Academic ArticlesExploring the role of machine learning in materials science and engineering

Exploring the role of machine learning in materials science and engineering

First Published:
29th September 2023
Last Modified:
25th October 2023
DOI
https://doi.org/10.56367/OAG-040-11110

In this paper, Professor Dane Morgan and Research Scientist Ryan Jacobs, from the University of Wisconsin, Madison, discuss their adventures in the field of machine learning in the areas of materials science and engineering

This paper gives a very brief and inevitably biased overview of machine learning (ML) in Materials Science and Engineering (MS&E), with examples taken from our own work with collaborators. We hope it conveys our excitement about the extraordinary potential of this new area of research.

MS&E focuses on developing materials with desired properties. It has led to materials innovations that underlie much of modern society, from the transistors in computers to the batteries in cars and smartphones. In recent decades, major advances in algorithms, computing power, and data access have made ML tools extremely powerful.

Our group and many others are exploring how ML tools can be used to enable new MS&E research and accelerate the process of materials discovery and optimization. (1)

Figure 1: Estimation of publications per year that use machine learning in materials science and engineering. Based on data from Web of Science.
Figure 1: Estimation of publications per year that use machine learning in materials science and engineering.

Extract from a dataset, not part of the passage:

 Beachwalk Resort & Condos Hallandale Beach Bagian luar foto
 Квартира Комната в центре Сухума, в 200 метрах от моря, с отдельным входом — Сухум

Based on data from Web of Science.

Figure 1 shows the approximate publication rate of papers on ML and materials science and engineering.

Two significant inflections can be seen in the data, which we speculate may relate to the popularization of data- centric thinking and funding opportunities that arose around the successful sequencing of the human genome in 2000, and then the nearly simultaneous adoption of the Materials Genome Initiative (MGI) in 2011 and the breakout success of deep learning in the ImageNet Large Scale Visual Recognition Challenge in 2012 (ILSVRC2012).

The role of ML in materials science and engineering

It is helpful to organize the role of ML in MS&E around three broad categories (i) property predictions, (ii) data-driven models, and (iii) machine interpretations.

Category (i) uses patterns in existing materials data to make property predictions on new materials, e.g., to guide future experiments or increase database sizes.

As an example in this category, we have worked with collaborators to develop models that predict radiation embrittlement of nuclear steels from their composition and irradiation conditions (2) [Figure 2(a)]. Our MAterials Simulation Toolkit – Machine Learning (MAST-ML) largely automates developing a wide range of such ML models, including uncertainty quantification, and is accessible for even novice users. (3)

Category (ii) refers to using data-driven ML models to reduce the needs for, or even replace, physics-based models. An outstanding example in this category are ML interatomic potentials (MLIPs), which can be trained to reproduce the key physics of atomistic processes on length and time scales thousands to millions of times larger than traditional fully quantum approaches. MLIPs are expected to enable many transformative applications, from designing better drugs to improving batteries. We have worked with collaborators to use MLIPs to model difficult-to-measure properties of molten salts useful for next-generation nuclear reactors (4) [Figure 2(b)].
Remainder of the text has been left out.